Bibi la Purée 1900

Sophie Pemberton, Bibi la Purée, 1900

Sophie Pemberton, Bibi la Purée, 1900
Oil on canvas, 116.5 x 89 cm
Art Gallery of Greater Victoria

In this portrait, Bibi la Purée leans forward with an intense gaze, hands crossed, supported by the umbrella he holds. Highly realistic and purposely dark, his face is long with sunken cheeks, yet his eyes are animated and engaged. His receding forehead is illuminated as his body emerges from the shadow, a blue hat almost invisible on his lap, a spotlight on his gnarled hands sporting an incongruous gold ring.

 

Pemberton first encountered this notorious Parisian, who purportedly looked after the poet Paul Verlaine in 1896 as he lay dying, in the atelier of James McNeill Whistler (1834–1903) in late summer 1899. She even wrote an article about their relationship:

 

It was at his [Whistler’s] evening class that I first saw Bibi la Purée as model; a little old man, smiling and ecstatic, his bright eyes half hidden under a dingy and weather-beaten top hat: his clothes were green with age; his boots were the elastic-sided ones of the last century, and under his arm was a sheaf of old umbrellas… “a dandy even in his rags.

 

Sheet music cover for the song “Bibi La Purée,” with an inscription from Bibi to Sophie Pemberton, 1899, from Pemberton’s Glory Book, c.1904–40, private collection.
Florence Carlyle, La vieille Victorine, 1893, oil on canvas on hardboard, 72.4 x 59 cm, Woodstock Art Gallery.

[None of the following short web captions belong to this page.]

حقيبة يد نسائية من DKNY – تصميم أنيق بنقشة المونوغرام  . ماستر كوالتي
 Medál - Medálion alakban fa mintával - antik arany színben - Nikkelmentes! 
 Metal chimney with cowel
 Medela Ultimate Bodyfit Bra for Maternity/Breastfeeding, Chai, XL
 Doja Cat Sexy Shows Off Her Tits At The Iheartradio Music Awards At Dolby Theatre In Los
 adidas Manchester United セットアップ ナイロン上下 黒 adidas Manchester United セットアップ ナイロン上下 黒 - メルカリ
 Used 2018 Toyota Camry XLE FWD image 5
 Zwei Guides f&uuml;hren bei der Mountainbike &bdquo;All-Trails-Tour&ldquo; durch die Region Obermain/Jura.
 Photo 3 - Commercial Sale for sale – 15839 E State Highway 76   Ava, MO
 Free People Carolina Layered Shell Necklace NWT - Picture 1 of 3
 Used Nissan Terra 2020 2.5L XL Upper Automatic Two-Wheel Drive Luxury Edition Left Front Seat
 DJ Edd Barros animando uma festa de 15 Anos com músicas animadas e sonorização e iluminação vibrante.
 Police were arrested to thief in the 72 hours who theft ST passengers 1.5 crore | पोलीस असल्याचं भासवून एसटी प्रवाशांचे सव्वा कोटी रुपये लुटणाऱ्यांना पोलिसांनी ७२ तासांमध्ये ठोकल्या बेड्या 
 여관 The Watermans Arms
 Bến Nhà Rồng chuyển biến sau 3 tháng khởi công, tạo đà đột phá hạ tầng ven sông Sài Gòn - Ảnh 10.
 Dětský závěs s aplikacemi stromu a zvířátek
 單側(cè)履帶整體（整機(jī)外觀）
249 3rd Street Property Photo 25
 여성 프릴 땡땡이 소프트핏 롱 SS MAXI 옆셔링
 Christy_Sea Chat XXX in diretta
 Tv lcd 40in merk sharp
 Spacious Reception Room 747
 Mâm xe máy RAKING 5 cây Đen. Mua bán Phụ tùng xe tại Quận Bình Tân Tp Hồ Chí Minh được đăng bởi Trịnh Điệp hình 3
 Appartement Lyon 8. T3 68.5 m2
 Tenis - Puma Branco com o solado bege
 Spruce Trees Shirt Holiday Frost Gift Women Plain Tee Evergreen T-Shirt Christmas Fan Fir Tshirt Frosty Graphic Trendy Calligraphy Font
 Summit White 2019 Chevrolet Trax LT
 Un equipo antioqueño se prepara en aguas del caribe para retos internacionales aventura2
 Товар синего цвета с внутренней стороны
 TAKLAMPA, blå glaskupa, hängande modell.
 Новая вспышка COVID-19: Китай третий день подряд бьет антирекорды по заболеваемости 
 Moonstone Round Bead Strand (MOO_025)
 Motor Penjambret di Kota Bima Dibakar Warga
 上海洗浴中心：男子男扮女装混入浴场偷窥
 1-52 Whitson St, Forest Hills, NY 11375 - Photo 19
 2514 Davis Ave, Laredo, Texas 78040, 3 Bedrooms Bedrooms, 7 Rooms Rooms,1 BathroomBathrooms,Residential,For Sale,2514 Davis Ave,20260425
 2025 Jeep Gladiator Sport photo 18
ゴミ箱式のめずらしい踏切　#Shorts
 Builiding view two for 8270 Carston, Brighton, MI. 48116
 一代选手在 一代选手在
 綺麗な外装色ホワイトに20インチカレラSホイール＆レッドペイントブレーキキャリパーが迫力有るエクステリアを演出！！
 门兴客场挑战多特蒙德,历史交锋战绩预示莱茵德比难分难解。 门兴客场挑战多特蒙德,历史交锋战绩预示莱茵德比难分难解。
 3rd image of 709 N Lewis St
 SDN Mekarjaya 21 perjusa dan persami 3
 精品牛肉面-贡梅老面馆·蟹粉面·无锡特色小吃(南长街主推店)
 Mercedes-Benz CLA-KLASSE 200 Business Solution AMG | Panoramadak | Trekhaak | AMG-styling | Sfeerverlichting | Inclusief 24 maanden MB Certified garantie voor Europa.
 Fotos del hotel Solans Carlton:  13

Conceived in the autumn of 1899, nourished by several modelling sessions in which she experimented with variations, and interrupted by her own ill health, Pemberton began to paint the canvas early in 1900. When she finished the portrait, she submitted it to the Paris Salon. “It was hung on the line,” she reported, “and was often surrounded by the students, who knew Bibi. I never saw him again. He died soon afterwards—alone and in misery. But his memory will long live in the Latin Quartier and let us hope that an angel has pressed down the scale for his gentle and unknown deeds.

 

When Pemberton submitted the portrait to the Royal Academy of Arts in 1904, it was exhibited as Verlaine’s Friend. One writer singled it out for its polished style: “Miss Pemberton has evidently studied in the French realistic school, to which she certainly does credit.  “‘Verlaine’s Friend’ is quietly impressive,  wrote the Illustrated London News; “few portraits in the Exhibition show a stronger individuality…. [it] presents a noble face charged with melancholy thought, excellently painted.

 

Pemberton kept the painting herself and brought it with her to Victoria in 1949, but it was not exhibited again until 1967. In 2019 extensive conservation work to both the painting and the frame rejuvenated the portrait of Bibi for future generations to appreciate.

 

Da Vinci’s quote, “A good painter has two chief objects to paint; man and the intention of his soul,  inspired and challenged Pemberton over the years. Perhaps she saw in Bibi la Purée the potential to capture a poignant moment and to celebrate strength of character. Florence Carlyle (1864–1923) had accomplished that goal in La vieille Victorine, 1893, exhibited the following year at the Paris Salon where Pemberton could have seen it. It was also at the Art Association of Montreal in 1895, the same year Pemberton exhibited there. There are obvious similarities in composition between these two paintings.